Newline in ANSI-C standard functions

Can someone outline the "best practice" (if any!) to handle newline in ANSI-C standard library functions?
I had some confusion with these functions recently related to char array and char pointer.
puts(), printf(), strcpy(), strncpy(), memset().
I seem to understand their basic use, but got quite confused on some situations.

#include <stdio.h>
#include <string.h>

//Some said don't use strcpy() but use strncpy()!!!
int main () {
   char str1[128];
   char str2[256];
   int len1, len2;
//   strcpy(str1, "this is string1");
//   strcpy(str2, "That is test string2");
   len1=strlen("this is string1");
   len2=strlen("That is test string2");

   //memset(str1, '\0', sizeof(str1));   //why is it needed?
   strncpy(str1, "this is string1", len1);
   strncpy(str2, "That is test string2", len2);
   puts("___Line 1___");
   puts(str1);
   puts("___Line 2___");
   puts(str2);
   return (0);
}
 

1) For unknown reason, sometime I got output:

this is string10That is test string2
That is test string2.

With the memset() function inserted, I always got the correct output. But, I do not see memset() is combined with these strncpy()/strcpy() very often.
2) The 4 puts() are in a row, but sometime they gave extra blank line that seems come from extra newline (especially in the next example), but I read puts() only appends newline at the end.
Here is another example where I tested with printf() and puts():

#include<stdio.h>
#include<stdlib.h>
#include<string.h>

//Tried from scratch combining const/strlen/malloc/'\0' concepts

void swap(char* s1, char* s2) {
         *s1 = *s1 ^ *s2;
         *s2 = *s2 ^ *s1;
         *s1 = *s2 ^ *s1;
}

char* str_reverse_in_place_by_swap(char* str){
    int len = strlen(str);
    char* start = str;
    char* end = start + len - 1; //-1 for '\0'; Made a mistake: char* end = start + len 
;
    while(start < end )
    {
        swap(start, end);
        ++start;
        --end;
    }
return str;
}


int main(int argc, char *argv[])
{
  char* string1 = malloc(256*sizeof(char));    //first allocate 256 bytes long

  printf("Type a String to reverse it[max. 255 chars]:\n");

  if (fgets(string1, 256, stdin) == NULL)
      printf("Error!

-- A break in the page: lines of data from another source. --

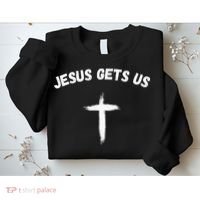 Jesus Gets Us He Understands Us Christian Sweatshirt thumb 2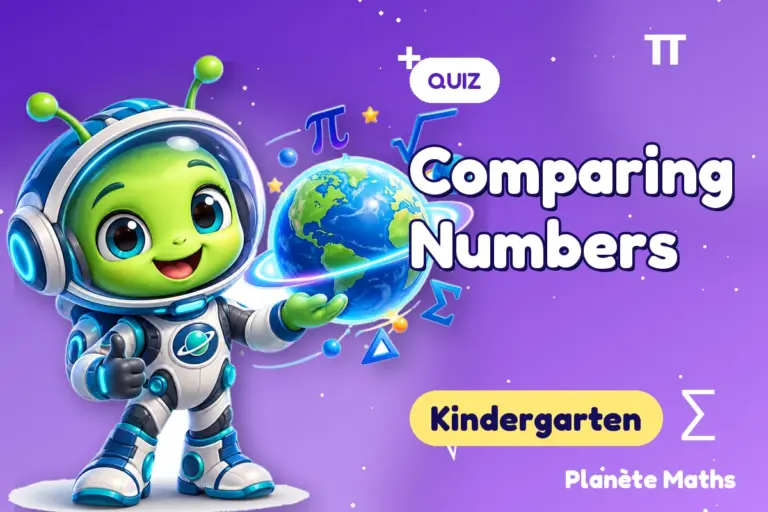 Math quizzes Kindergarten : Comparing Numbers — Zyro the alien explorer of Planète Maths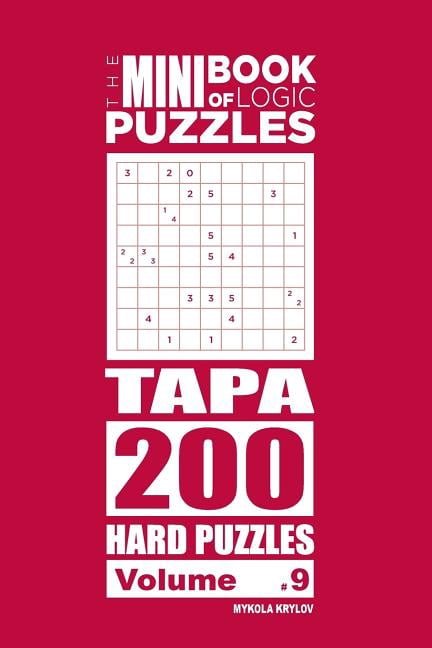 The Mini Book of Logic Puzzles Tapa The Mini Book of Logic Puzzles - Tapa 200 Hard (Volume 9), Book 9, (Paperback)
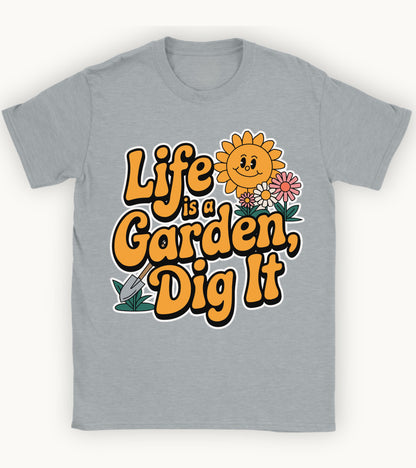 life is a garden, dig it t-shirt.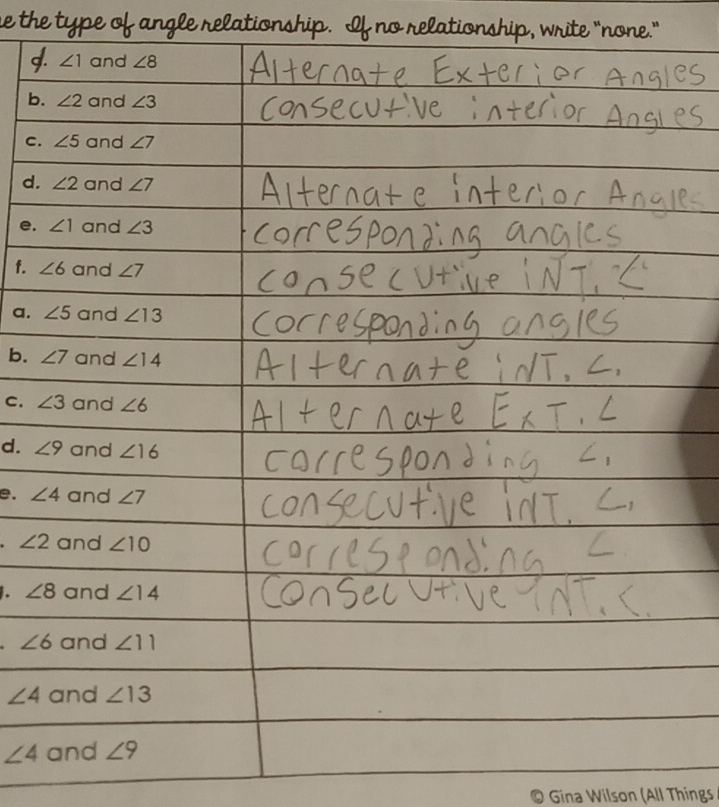 the type of angle relationship. If no relationship, write “none.” 
g. ∠ 1 and ∠ 8
b. ∠ 2 and ∠ 3
C. ∠ 5 and ∠ 7
d. ∠ 2 and ∠ 7
e. ∠ 1 and ∠ 3
f. ∠ 6 and ∠ 7
a. ∠ 5 and ∠ 13
b. ∠ 7 and ∠ 14
C. ∠ 3 and ∠ 6
d. ∠ 9 and ∠ 16
e. ∠ 4 and ∠ 7
∠ 2 and ∠ 10. ∠ 8 and ∠ 14
∠ 6 and ∠ 11
∠ 4 and ∠ 13
∠ 4 and ∠ 9
Gina Wilson (All Things
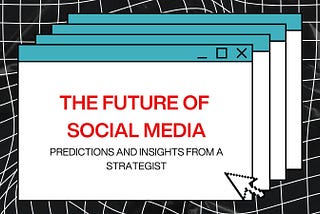 The Future of Social Media: Predictions and Insights from a Strategist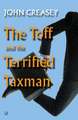 The Toff and the Terrified Taxman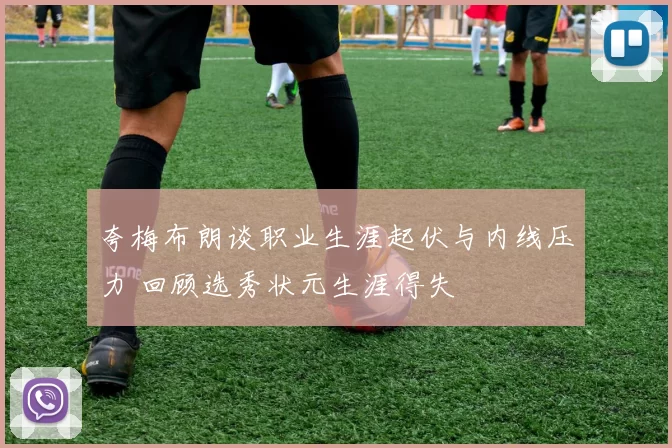 夸梅布朗谈职业生涯起伏与内线压力 回顾选秀状元生涯得失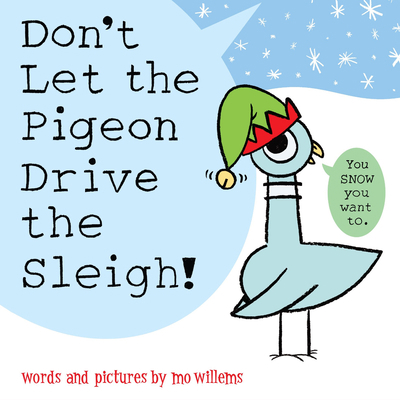 Don't Let the Pigeon Drive the Sleigh! 1454952776 Book Cover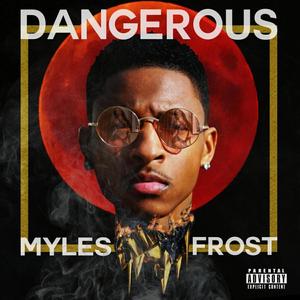 Dangerous (Explicit)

Non-empty string is needed!\n");

  char* str3 = malloc( (strlen(string1)+1) * sizeof(char) );
  printf("Before reverse string1(which should be empty!): %s\n", str3);

  printf("By reverse_in_place_by_swap():");
//  str3 = str_reverse_in_place_by_swap(string1);
//  puts(str_reverse_in_place_by_swap(string1));
  printf("%s\n", str_reverse_in_place_by_swap(string1));
  free(str3);

  return EXIT_SUCCESS;
}

I must have missed important rules to use these functions.
so I'm asking my question with "best practice" to narrow down my struggle if that is reasonable. Thanks.

None of these do anything weird with newlines at all.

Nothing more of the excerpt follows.